Aislin/Montreal Gazette
A cartoon referred to as “controversial”, and the Islamic faith, are both back in the news together today, after the Montreal Gazette ran an editorial cartoon on the Muslim woman expelled from school for refusing to remove her niqab in class.
The cartoonist, Terry Mosher, who draws under the name Aislin, crafted a picture of a common niqab, but with prison bars and lock where the eyes would go. As far as cartoons go, it’s not particularly original, or offensive. A simple google images search for the word “burqa” turns up the niqab instead, with a digitally edited photograph of a woman looking through a veil of prison bars. The photo was commissioned by the International Society for Human Rights, which opposes third world gender apartheid for women.
The Egyptian-born immigrant, Naïma Atef Amed, has now twice been removed from provincially funded French language and integration classes for new immigrants after refusing to remove her niqab. The province has backed the wishes of school instructors who said that the niqab was making interaction impractical.
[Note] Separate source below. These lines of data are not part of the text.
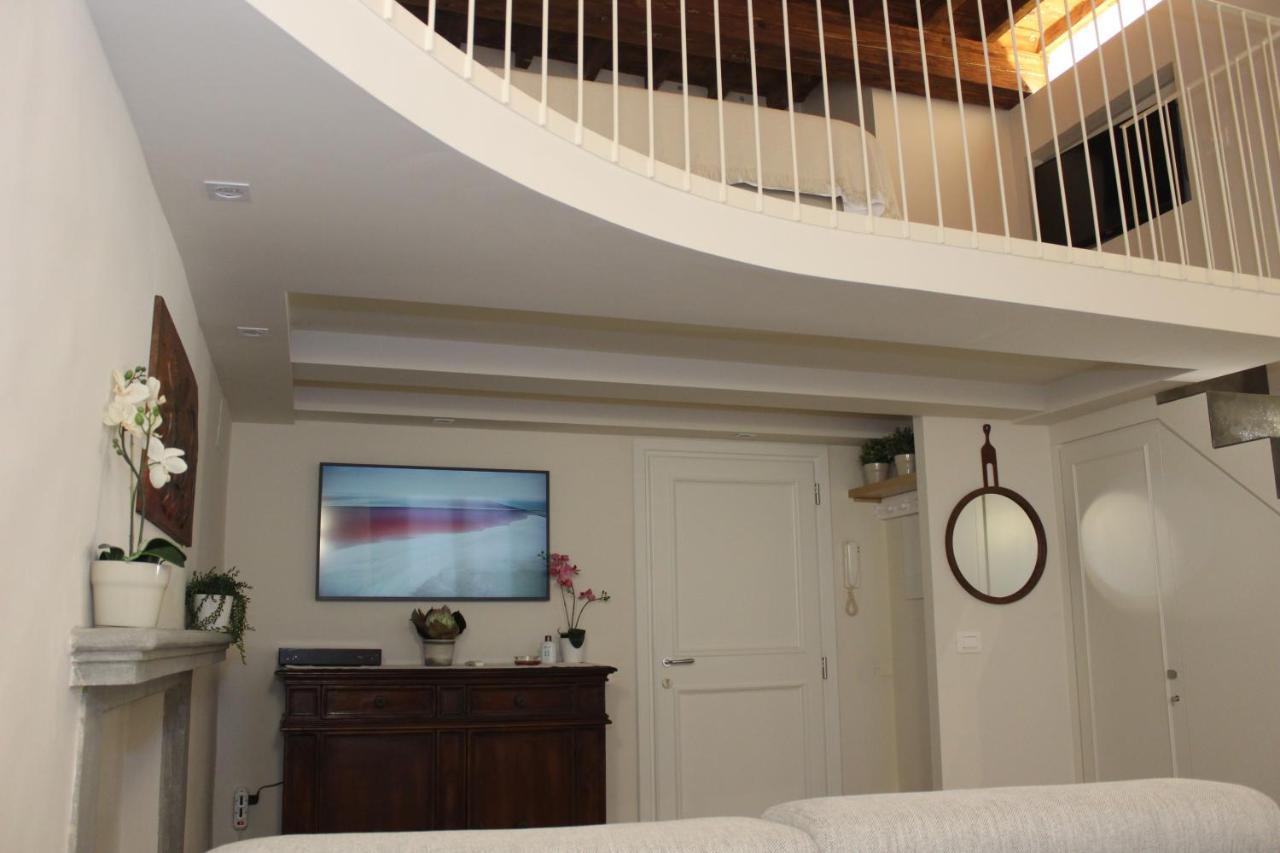 Art Apartment Santa Croce Suite 佛罗伦萨 外观 照片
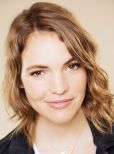 Beth Stelling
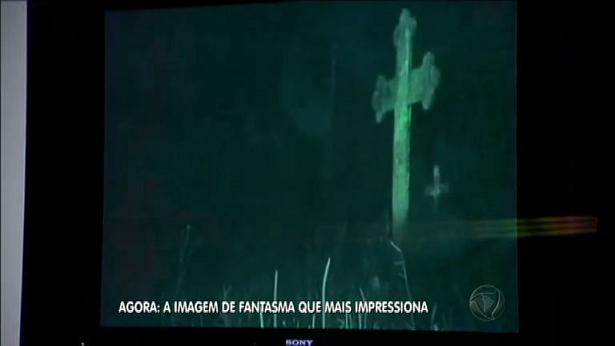 Geraldo LuÃ­s flagra apariÃ§Ã£o em cemitÃ©rio assombrado no interior de SÃ£o Paulo 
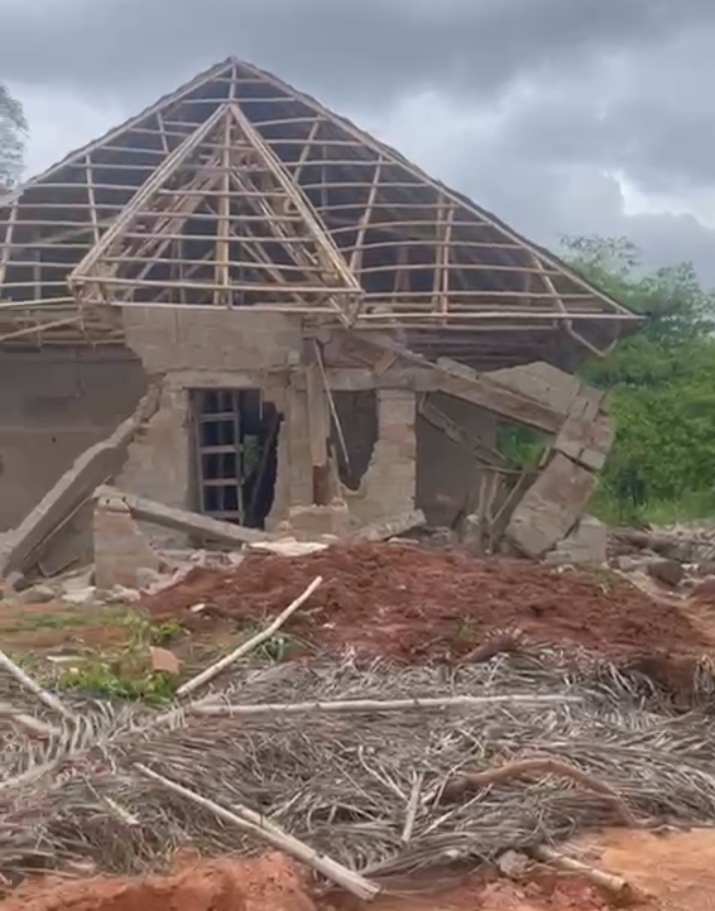 Anambra Widow Escapes Assassination at Midnight, As Sister-in-law Allegedly Storms with Thugs, Demolishes Her New House (video)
Ms.Amed has since spawned the obligatory provincial human rights complaint with the Quebec Human Rights Commission, an ironic move not lost on many women who say that religious freedom should not be used as an excuse to wear the symbols of gender oppression.
Several Islamic lobby groups and organizations expressed disapproval of the political cartoon today, saying that many women wear the Niqab because they believe it to be the truest expression of their faith. Islamic scholar and author, Tarek Fatah, is not convinced.
“You are free to support these ninjas and I will continue to expose this hideous symbol of Islamofascism,” he wrote on his Facebook page.
“The niqab is a symbol of the Muslim Brotherhood doctrine best expressed by the Saudis where an entire population is identified by their attire just as the red guards were under Mao’s China.”
Many people, like Mr.Fatah, believe that the burqa and niqab aren’t expressions of religiosity, but rather political symbols of political Islam. Indeed, he has written that the burqa is an imported and modern compulsion of Saudi Arabia’s strict Wahabbist interpretation of Islam. It is an interpretation that has been widely condemned by human rights observers the world over.
There’s nothing wrong with the editorial cartoon, which accurately symbolizes the voluntary imprisonment of individuality behind a black curtain of religious dogma. But if I were Mr.Mosher, I would purchase a panic room forthwith.